Deploying a Wildcard certificate for the domain the NetOps Portal server is configured in, but Console doesn't start and HTTP 400 SNI errors are observed in the PCService.log.

Configuring SSL using SslConfig works fine for self-signed cert and the console starts. But when using the wild-card certificate issued by a Certificate Authority (CA), it doesn't allow the console to start and doesn't throw an error to suggest the certificate is invalid. However, the following bad padding exception is generated in the PCService.log:

INFO | jvm 1  | 2024/09/24 01:01:52 | ERROR | WrapperSimpleAppMain     | 2024-09-24 01:01:52,662 | com.ca.im.security.Encryption                                    
INFO | jvm 1  | 2024/09/24 01:01:52 |       | Error performing encryption operation
INFO | jvm 1  | 2024/09/24 01:01:52 | javax.crypto.BadPaddingException: Error closing stream: 
INFO | jvm 1  | 2024/09/24 01:01:52 |       at org.bouncycastle.jcajce.provider.BaseCipher.engineDoFinal(Unknown Source) ~[bc-fips-1.0.2.3.jar:1.0.2.3]

DX NetOps CAPM all currently supported releases

The EM DB doesn't have the https changes.

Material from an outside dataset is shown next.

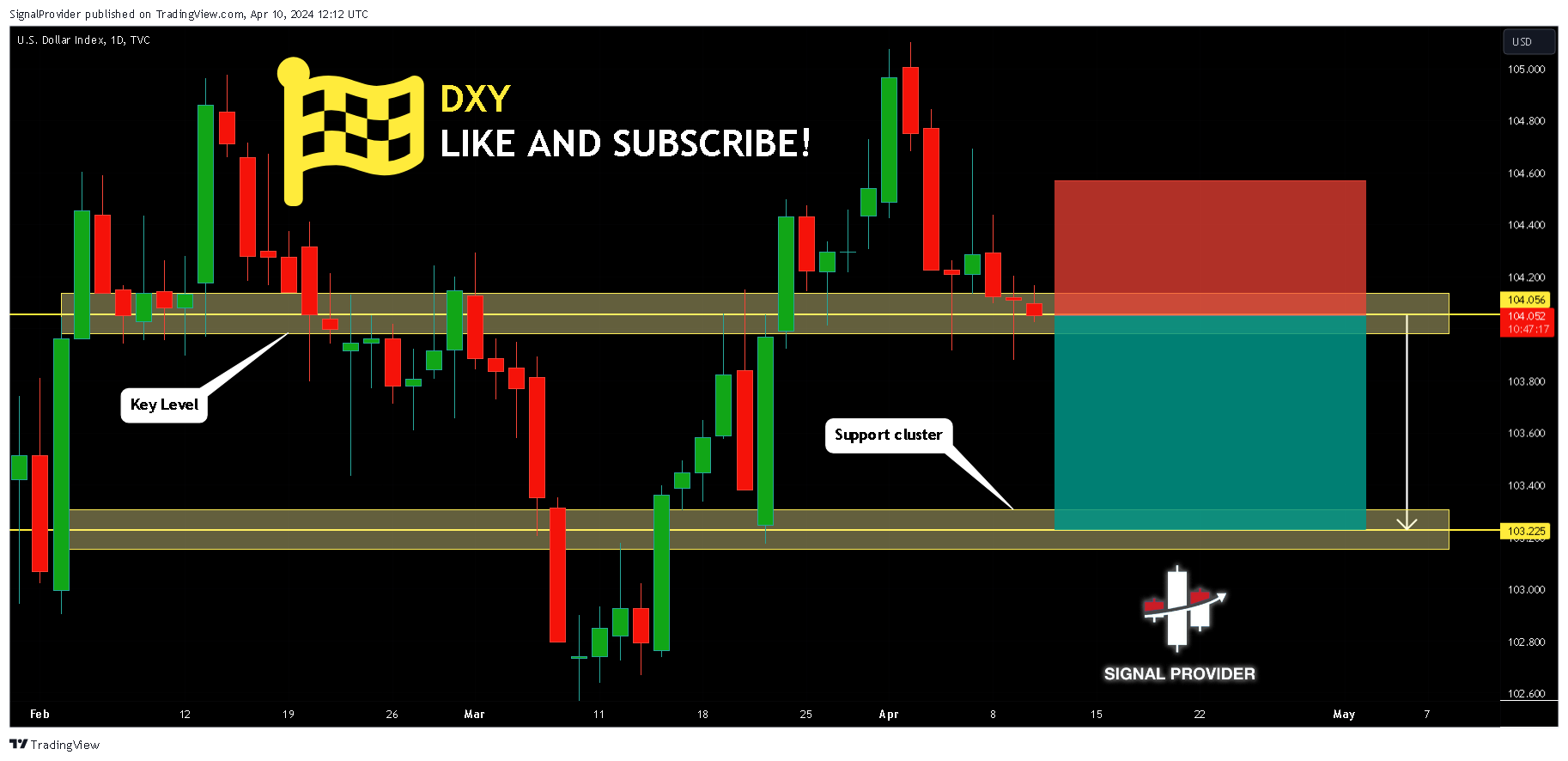 TVC:DXY Chart Image by SignalProvider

And in DM logs, there's the following:

INFO | jvm 1 | 2024/09/10 11:36:23 | 2024-09-10 11:36:23.792:WARN:oejs.HttpChannel:qtp1506660594-20: handleException /dm/rib/ org.eclipse.jetty.http.BadMessageException: 400: Invalid SNI

When looking at the dm.properties, it has the following:

pc.url=https://netops-portal:8182/pc/center/

This needs to be FQHN, even when using wildcards.

Same issue in em.properties:

dm.url=https://netops-portal:8482/dm/
# Default EM URL
em.url=https://netops-portal:8282/EventManager/

and in Console portal.console.properties:

dm.url=https://netops-portal:8482/dm/
em.url=https://netops-portal:8282/EventManager/

When entering the details in setting up SSL using SslConfig, If FQHN is not asked for, then the OS is not returning FQHN when the setup requests it, and thus we get the short name and use it in these properties files. Hence, the inter-service communication is giving SNI issues.